▶ **ACTIVITY**: This task is to restate all of the entries exactly.
---- DATA UNDER STUDY
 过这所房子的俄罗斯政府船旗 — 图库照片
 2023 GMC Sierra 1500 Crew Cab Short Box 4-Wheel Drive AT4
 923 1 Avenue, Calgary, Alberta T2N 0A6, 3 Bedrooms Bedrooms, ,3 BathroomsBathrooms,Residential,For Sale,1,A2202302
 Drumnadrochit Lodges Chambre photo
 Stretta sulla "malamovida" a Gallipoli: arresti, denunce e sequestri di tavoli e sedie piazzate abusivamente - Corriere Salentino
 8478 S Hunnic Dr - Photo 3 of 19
--------
▶ **TASK OUTPUT**:
 过这所房子的俄罗斯政府船旗 — 图库照片
 2023 GMC Sierra 1500 Crew Cab Short Box 4-Wheel Drive AT4
 923 1 Avenue, Calgary, Alberta T2N 0A6, 3 Bedrooms Bedrooms, ,3 BathroomsBathrooms,Residential,For Sale,1,A2202302
 Drumnadrochit Lodges Chambre photo
 Stretta sulla "malamovida" a Gallipoli: arresti, denunce e sequestri di tavoli e sedie piazzate abusivamente - Corriere Salentino
 8478 S Hunnic Dr - Photo 3 of 19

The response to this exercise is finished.